--- START ---
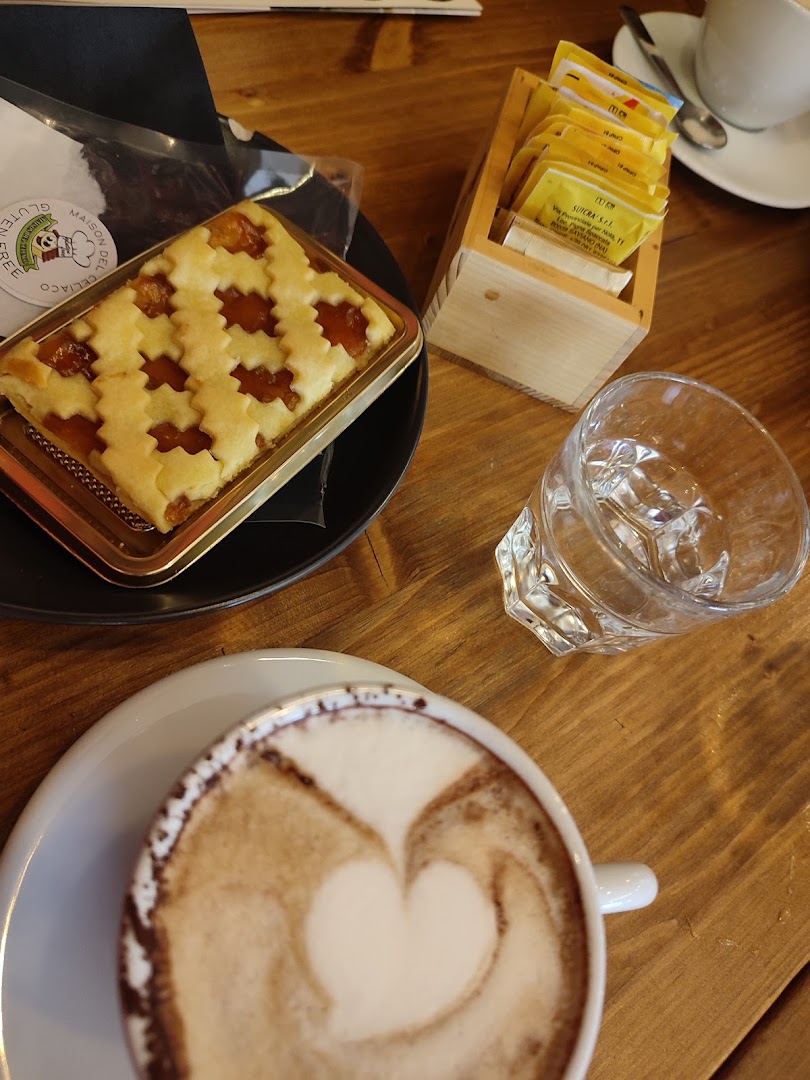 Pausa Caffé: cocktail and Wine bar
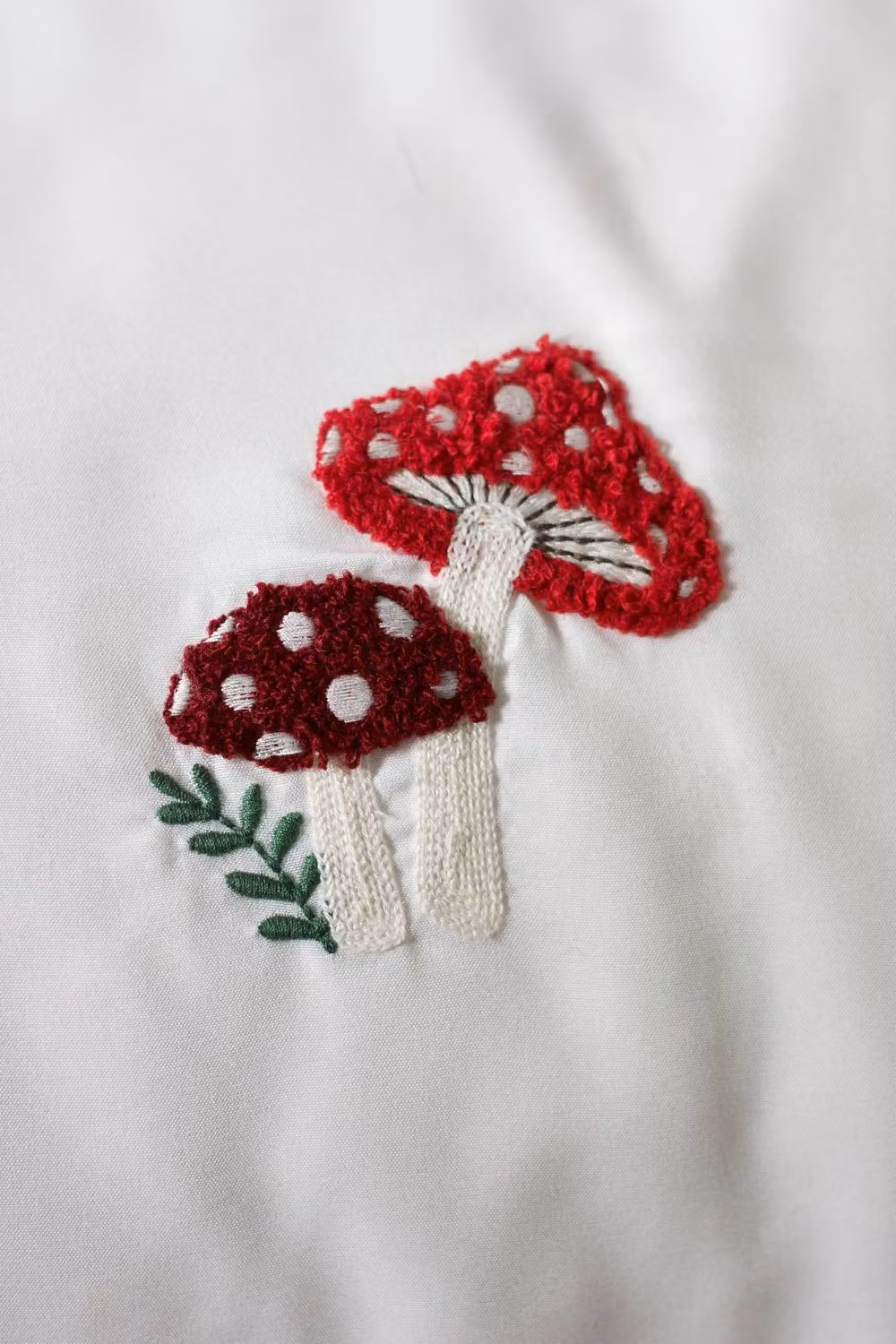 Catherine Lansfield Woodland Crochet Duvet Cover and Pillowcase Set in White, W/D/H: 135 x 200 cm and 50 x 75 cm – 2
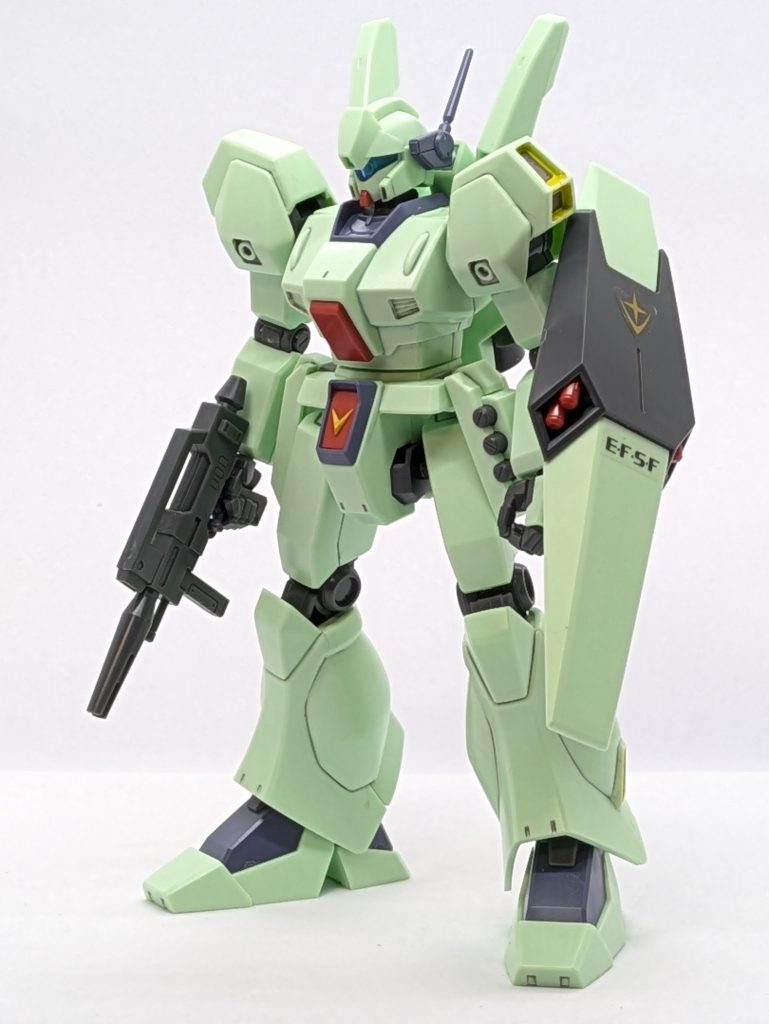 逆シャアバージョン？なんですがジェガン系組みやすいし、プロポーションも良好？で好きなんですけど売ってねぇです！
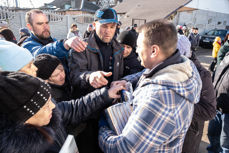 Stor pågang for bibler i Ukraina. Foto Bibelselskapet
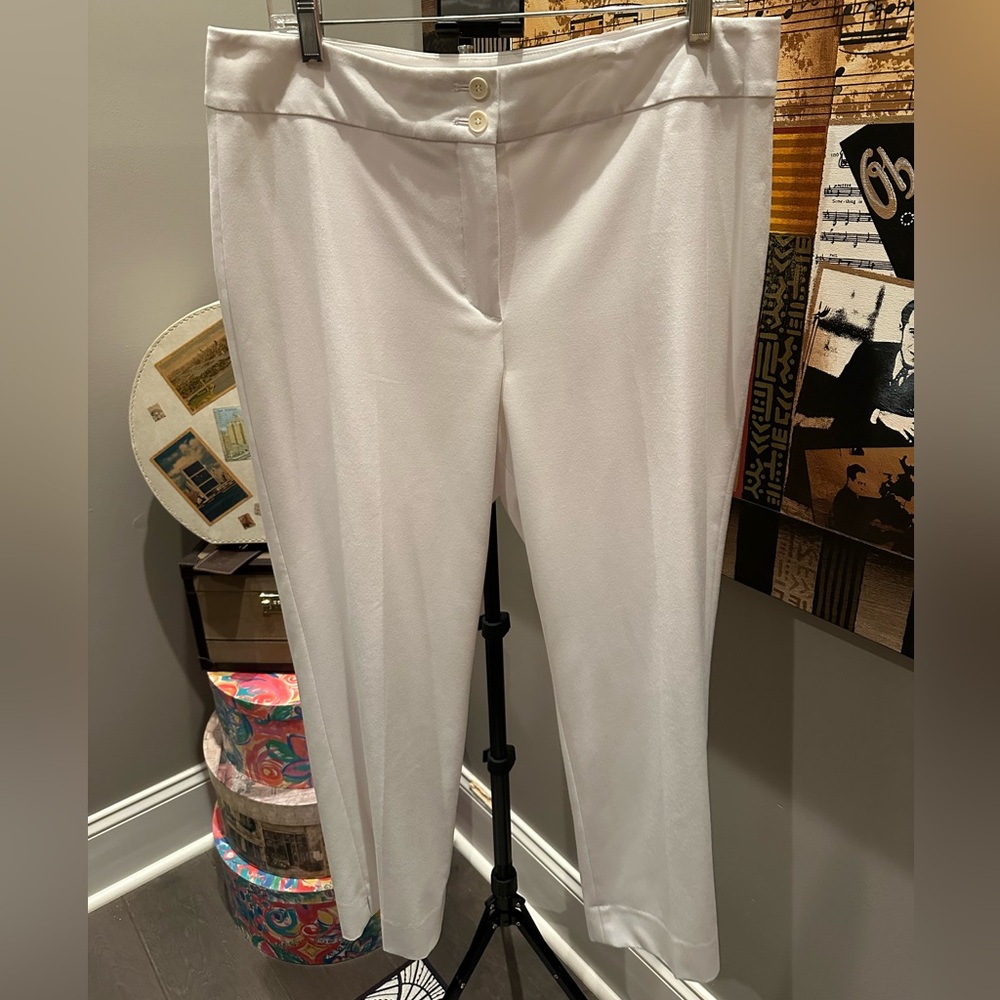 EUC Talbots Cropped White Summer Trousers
--- END ---
--- START ---
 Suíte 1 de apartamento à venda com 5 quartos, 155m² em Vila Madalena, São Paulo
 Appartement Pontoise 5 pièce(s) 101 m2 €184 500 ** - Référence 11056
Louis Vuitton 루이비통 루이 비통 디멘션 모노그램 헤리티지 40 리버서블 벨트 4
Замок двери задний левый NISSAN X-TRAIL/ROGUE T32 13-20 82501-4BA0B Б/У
--- END ---
# Exercise requirements:
Above are the records; please give again, exactly and in full, only the lines that run from the line with "逆シャアバージョン？なんです" through the line with "EUC Talbots Cropped White Summer Trousers", with no pictures.

# Solution to this problem:
 逆シャアバージョン？なんですがジェガン系組みやすいし、プロポーションも良好？で好きなんですけど売ってねぇです！
 Stor pågang for bibler i Ukraina. Foto Bibelselskapet
 EUC Talbots Cropped White Summer Trousers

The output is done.